Contingency plans such as Support Sentry provide “the general outline—the overarching ‘concept’—of a plan to take some major action against an enemy,” Dakota Wood, a senior research fellow for defense programs at the Heritage Foundation and retired U.S. military planner who served as a strategist for the Marine Corps’ Special Operations Command, told The Intercept in an email.

For instance, in June 1994, the Pentagon requested a CONPLAN for military operations in Haiti; by July, U.S. forces invaded and deposed Haiti’s democratically elected president, Jean-Bertrand Aristide. The manual also notes that Support Sentry is a “COW,” or cost of war item.

Though conventional wisdom might be that the military has contingency plans for everything, CONPLANs are, in fact, quite limited since preparing them is time consuming, Wood explained. “Since staff, time, and resources are always limited, no military command at any level would develop CONPLANs … for every conceivable contingency.”

The existence of Support Sentry, then, suggests that the U.S. military takes the possibility seriously enough to prepare a strategic framework for it. CONPLANs also lead to consequences short of war, like military exercises.

“CONPLANs serve as the intellectual framework or context when developing military exercises because it makes sense for units that are honing their skills to have that work be relevant to likely tasks,” Wood said.

BY 2018, President Donald Trump had vocally withdrawn the U.S. from the Iran deal. In January 2019, he tweeted a picture of a poster displayed at a cabinet meeting and directed at Iran that read “sanctions are coming” — a reference to the “Game of Thrones” TV series.

Under Biden, U.S. policy toward the region remains much the same.

On January 16, 2021, just four days before Biden’s inauguration, Trump ordered the military to reassign Israel to CENTCOM, its Middle East combatant command. Historically, the U.S. military has rather counterintuitively kept Israel under its European Command, or EUCOM, in order to avoid tensions with Gulf Arab allies like Saudi Arabia. This was one of a volley of last-minute decisions by Trump designed to force the Biden administration to abandon diplomacy and adopt the framework of his “maximum pressure” campaign on Iran. “For decades, DOD placed Israel in the European Command (EUCOM) AOR due to significant tensions between Israel and its neighbors in the Middle East,” a Congressional Research Service report about the move observed, noting that “improved Israeli ties with some Arab states may allow more open coordination to counter Iran.”

Trump’s order followed a December 2020 bill introduced by several Republican senators, including Sen. Tom Cotton, R-Ark., to study the transfer of Israel to CENTCOM.

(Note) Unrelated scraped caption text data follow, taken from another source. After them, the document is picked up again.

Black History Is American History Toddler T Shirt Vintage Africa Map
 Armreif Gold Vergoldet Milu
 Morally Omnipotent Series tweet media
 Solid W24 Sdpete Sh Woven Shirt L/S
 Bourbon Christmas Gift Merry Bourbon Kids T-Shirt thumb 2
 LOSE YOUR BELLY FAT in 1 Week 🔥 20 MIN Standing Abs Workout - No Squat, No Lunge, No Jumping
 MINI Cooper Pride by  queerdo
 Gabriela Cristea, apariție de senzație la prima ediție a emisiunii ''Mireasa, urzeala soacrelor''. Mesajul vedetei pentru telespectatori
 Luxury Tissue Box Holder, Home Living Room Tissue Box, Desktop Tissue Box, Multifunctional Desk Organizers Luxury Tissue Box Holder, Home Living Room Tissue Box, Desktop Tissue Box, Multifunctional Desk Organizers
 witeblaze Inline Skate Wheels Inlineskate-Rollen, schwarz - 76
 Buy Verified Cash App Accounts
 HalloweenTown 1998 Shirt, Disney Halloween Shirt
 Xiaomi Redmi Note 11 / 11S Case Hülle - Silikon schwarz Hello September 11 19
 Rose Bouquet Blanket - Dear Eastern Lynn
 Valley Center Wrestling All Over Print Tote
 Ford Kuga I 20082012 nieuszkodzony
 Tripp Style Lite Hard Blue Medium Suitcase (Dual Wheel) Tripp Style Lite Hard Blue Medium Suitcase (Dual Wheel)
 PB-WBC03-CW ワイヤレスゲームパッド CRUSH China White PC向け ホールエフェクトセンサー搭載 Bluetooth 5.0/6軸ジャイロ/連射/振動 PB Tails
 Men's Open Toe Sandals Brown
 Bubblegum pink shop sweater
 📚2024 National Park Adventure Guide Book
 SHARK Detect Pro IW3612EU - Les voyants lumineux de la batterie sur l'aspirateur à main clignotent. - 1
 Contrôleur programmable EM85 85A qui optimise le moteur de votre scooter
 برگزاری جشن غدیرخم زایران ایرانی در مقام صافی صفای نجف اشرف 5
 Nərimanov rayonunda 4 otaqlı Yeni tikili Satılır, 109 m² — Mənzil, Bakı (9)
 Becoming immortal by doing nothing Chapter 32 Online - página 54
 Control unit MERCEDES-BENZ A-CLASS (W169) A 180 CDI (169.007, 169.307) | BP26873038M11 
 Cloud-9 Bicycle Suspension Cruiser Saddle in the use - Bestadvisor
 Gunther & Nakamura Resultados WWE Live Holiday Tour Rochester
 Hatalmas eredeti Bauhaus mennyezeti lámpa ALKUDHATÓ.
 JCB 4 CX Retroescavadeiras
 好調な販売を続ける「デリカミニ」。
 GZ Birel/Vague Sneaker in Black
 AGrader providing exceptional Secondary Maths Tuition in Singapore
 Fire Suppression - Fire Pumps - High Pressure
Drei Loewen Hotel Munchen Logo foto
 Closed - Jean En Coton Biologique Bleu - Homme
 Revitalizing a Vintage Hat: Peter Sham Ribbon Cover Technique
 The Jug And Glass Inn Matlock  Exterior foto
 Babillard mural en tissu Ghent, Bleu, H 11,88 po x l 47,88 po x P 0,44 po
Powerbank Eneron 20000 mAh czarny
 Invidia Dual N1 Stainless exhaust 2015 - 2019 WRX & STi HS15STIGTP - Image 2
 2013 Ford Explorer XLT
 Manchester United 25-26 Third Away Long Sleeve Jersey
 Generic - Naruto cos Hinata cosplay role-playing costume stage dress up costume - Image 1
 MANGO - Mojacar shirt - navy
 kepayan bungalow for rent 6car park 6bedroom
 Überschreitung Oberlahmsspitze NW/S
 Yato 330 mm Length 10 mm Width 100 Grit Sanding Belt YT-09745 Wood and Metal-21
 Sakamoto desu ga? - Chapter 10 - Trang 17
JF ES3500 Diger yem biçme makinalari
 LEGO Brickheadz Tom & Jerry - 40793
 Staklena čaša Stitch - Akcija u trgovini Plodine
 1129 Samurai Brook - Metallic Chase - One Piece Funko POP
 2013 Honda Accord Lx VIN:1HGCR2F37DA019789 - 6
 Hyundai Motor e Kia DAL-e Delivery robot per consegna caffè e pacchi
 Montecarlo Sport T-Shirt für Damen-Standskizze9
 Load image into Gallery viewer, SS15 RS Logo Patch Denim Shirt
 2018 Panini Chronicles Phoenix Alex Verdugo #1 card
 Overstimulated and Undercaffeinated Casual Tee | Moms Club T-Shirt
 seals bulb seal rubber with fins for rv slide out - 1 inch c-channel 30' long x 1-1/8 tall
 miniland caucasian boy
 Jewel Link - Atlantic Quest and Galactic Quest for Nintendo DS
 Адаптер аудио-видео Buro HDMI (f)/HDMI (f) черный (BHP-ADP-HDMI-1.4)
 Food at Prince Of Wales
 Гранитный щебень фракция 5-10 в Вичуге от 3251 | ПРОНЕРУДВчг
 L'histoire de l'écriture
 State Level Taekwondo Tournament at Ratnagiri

“Tasking CENTCOM to serve as the primary U.S. defense coordinator with Israel instead of EUCOM would acknowledge the new political reality of the Middle East under the Abraham Accords,” Cotton said in a press release. “Our bill requires a study of the potential transition, which could increase U.S.-Israel military cooperation with regional partners and help better secure the Middle East against threats like Iran.”

Under Biden, U.S.-Israel military cooperation rapidly expanded to encompass unprecedented joint naval exercises. By March 2021, the U.S. Navy’s 5th Fleet conducted its first-ever fuel replenishment of an Israeli naval ship. In April 2021, the U.S. fired warning shots at Iranian ships in the Persian Gulf — the first time this had happened in nearly four years. Then, in August 2021, the U.S. 5th Fleet and Israeli naval forces conducted an expansive four-day naval exercise.

Also in August, for the first time ever, the U.S., Iraq, and Kuwait participated in a joint naval patrol of the Persian Gulf.

“Any one of these steps may feel small, but in the aggregate, it’s a serious escalation,” Trita Parsi, the former president of the National Iranian American Council and now president of the Quincy Institute for Responsible Statecraft, told The Intercept in a phone interview.

Secretary of Defense Lloyd Austin also remarked that “those exercises would have been unimaginable, unthinkable, just a few years ago.”

In January, the U.S. and Israel conducted their largest joint military exercise in history, called Juniper Oak. Six-thousand four hundred American and 1,500 Israeli troops participated in the training exercise, involving more than 140 aircraft, an aircraft carrier, and live fire exercises with over 180,000 pounds of live munitions.

Pentagon press secretary Brig. Gen. Pat Ryder insisted that “it’s not intended to be focused on any one single adversary or threat; it’s all about working together,” but Israeli officials made clear that the exercise was constructed to simulate a war with Iran.

“The U.S. very much wants to signal to Iran that even if Washington doesn’t have an appetite for war, we’re willing to support Israel, which does.”

Notably, Juniper Oak involved exercises in which American aircraft provided mid-air refueling services to Israeli fighter aircraft — a key capability Israel lacks and without which its aircraft cannot reach Iranian targets — and drills involving American B-52 bombers dropping bunker-buster bombs on targets designed to resemble Iranian nuclear sites. Iran responded to these plans with its own military exercise, which Iranian military commander Maj. Gen. Gholam Ali Rashid said the country considers a “half war” and even a “war before war.”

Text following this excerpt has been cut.